What the Moat Does Not Automatically Justify
The implication of this analysis is not that $1.75 trillion is the right number. It is that the moat is real and worth pricing in but the moat and the valuation are answering different questions.
SpaceX posted a net loss of $4.9 billion in 2025 after absorbing $6.4 billion in xAI losses through its merger with Musk’s AI company. Starlink’s $4.4 billion in profit is real and growing, but some analyst estimates suggest the current valuation implies 2030 revenue exceeding $150 billion. That requires flawless execution across satellite deployment, an AI infrastructure buildout, a planned network of space-based data centers targeting 100 terawatts of computing capacity, and, embedded in executive compensation milestones, a Mars colony with one million inhabitants. These are not independent risk factors.

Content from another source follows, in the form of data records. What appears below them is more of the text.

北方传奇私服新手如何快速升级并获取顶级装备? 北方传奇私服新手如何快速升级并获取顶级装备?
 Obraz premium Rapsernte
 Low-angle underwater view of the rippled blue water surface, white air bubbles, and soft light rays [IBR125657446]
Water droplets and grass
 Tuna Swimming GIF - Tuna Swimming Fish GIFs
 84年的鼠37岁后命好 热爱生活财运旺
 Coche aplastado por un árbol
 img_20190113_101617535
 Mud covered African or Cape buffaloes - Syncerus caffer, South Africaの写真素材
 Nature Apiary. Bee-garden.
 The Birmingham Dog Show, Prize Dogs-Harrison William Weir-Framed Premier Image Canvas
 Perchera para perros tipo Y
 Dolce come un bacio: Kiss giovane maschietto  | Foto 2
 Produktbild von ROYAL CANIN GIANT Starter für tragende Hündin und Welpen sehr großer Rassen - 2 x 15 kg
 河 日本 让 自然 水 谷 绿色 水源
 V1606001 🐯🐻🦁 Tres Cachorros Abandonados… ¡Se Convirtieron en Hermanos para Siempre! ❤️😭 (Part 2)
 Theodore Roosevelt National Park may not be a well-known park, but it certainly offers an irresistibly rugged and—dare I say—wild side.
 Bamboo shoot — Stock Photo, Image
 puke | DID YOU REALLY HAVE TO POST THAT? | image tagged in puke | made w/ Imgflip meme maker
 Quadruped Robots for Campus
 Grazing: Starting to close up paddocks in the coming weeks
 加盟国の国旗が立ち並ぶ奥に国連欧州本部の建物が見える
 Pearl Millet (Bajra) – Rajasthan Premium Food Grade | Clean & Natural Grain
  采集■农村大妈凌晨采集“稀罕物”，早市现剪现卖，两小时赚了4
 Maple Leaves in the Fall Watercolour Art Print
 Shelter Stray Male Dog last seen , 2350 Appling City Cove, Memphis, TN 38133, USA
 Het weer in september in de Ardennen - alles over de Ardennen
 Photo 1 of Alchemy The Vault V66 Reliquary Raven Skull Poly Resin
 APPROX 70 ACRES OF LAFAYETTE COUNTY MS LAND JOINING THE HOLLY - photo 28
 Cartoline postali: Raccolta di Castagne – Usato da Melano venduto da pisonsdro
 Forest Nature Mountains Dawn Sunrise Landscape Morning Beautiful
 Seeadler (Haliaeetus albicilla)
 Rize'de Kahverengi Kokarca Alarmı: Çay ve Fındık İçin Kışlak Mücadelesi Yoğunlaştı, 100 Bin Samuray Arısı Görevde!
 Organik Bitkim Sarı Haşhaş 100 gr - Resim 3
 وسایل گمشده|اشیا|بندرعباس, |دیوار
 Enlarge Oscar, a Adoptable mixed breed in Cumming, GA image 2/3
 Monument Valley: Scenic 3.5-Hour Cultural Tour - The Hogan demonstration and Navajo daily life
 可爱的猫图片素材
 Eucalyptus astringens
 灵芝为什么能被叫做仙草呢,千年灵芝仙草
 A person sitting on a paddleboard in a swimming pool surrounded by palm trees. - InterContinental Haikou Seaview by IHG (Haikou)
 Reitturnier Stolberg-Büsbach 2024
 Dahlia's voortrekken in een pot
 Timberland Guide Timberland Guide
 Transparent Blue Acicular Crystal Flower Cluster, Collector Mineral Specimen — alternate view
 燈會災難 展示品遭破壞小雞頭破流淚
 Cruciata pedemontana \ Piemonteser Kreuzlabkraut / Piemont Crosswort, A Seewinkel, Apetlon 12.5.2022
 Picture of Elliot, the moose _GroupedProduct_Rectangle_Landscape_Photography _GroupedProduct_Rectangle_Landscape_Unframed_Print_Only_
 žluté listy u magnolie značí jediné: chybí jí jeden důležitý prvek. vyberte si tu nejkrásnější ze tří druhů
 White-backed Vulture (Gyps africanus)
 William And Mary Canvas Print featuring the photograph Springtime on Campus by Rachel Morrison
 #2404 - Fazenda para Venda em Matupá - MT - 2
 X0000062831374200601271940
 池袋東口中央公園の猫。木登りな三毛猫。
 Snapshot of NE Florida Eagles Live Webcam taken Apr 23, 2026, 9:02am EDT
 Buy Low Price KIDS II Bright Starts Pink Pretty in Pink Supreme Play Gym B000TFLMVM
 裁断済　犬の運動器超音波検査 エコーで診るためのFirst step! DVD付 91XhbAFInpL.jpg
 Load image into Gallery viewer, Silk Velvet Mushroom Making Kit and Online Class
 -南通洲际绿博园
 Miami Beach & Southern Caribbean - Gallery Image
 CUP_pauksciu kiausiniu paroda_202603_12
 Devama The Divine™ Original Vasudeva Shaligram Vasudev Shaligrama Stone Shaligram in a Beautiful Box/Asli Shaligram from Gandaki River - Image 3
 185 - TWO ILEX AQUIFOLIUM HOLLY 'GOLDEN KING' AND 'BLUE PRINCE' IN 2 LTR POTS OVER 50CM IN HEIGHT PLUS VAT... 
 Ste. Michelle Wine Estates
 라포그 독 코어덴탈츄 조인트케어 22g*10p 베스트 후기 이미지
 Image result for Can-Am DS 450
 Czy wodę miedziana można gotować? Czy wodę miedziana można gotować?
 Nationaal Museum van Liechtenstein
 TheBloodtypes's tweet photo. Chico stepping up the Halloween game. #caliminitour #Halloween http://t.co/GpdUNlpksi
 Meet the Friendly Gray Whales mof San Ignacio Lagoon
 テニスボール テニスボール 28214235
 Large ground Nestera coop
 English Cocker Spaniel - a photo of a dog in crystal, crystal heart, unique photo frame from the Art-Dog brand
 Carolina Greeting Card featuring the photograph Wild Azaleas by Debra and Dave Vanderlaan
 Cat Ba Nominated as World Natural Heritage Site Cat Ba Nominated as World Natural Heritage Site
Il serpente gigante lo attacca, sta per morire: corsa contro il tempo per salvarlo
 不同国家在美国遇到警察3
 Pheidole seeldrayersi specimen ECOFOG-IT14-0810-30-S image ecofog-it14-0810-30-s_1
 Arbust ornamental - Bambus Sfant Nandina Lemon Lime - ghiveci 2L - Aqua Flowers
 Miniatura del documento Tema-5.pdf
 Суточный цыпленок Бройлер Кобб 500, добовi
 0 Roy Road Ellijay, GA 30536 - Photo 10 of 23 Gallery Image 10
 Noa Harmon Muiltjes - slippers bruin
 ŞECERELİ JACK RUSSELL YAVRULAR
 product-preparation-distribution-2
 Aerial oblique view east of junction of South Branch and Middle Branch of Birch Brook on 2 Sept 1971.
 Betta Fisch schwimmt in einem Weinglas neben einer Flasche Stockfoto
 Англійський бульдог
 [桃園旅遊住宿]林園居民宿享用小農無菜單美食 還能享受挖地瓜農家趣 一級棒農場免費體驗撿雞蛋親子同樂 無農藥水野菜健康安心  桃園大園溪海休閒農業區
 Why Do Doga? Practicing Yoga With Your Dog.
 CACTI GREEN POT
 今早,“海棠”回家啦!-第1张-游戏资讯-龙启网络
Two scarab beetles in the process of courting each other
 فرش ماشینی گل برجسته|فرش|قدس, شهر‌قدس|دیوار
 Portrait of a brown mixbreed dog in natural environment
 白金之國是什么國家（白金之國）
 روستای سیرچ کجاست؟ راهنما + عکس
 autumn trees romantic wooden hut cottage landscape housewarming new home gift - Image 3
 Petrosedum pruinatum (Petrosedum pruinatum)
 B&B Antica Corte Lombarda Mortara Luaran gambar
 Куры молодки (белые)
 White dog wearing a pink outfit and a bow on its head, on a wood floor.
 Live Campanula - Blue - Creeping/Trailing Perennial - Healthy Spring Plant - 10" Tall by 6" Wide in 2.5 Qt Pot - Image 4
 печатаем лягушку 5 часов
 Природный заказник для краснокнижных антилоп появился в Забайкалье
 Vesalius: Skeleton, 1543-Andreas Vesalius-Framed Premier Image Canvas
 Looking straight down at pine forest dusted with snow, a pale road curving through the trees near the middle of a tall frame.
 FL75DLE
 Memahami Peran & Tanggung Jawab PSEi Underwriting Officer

The governance structure adds a separate layer of consideration. Musk holds approximately 42% of SpaceX’s equity but will control roughly 79% of votes through super-voting Class B shares. He can only be removed as CEO by a vote of the Class B shareholders, a class he controls. The New York State Common Retirement Fund, the New York City pension system, and CalPERS, managing more than $1 trillion in combined assets, have formally objected to what they called the most management-favorable governance structure ever brought to U.S. public markets at this scale. Their concerns are specific and documented. Whether the broader market prices them in is a separate question.
The Moat Is Real. The Bet Is Something Else.
SpaceX has built something genuinely rare: a stack of compounding structural advantages across cost, density, and institutional dependency. The moat framing is not analyst enthusiasm, it reflects observable barriers that take years, not quarters, to close. The harder question for investors is whether they can price a verifiable moat alongside speculative milestones and governance arrangements designed for a private company that is about to become public. Those two things are not mutually exclusive. But they are not the same bet, and conflating them is how expensive mistakes happen.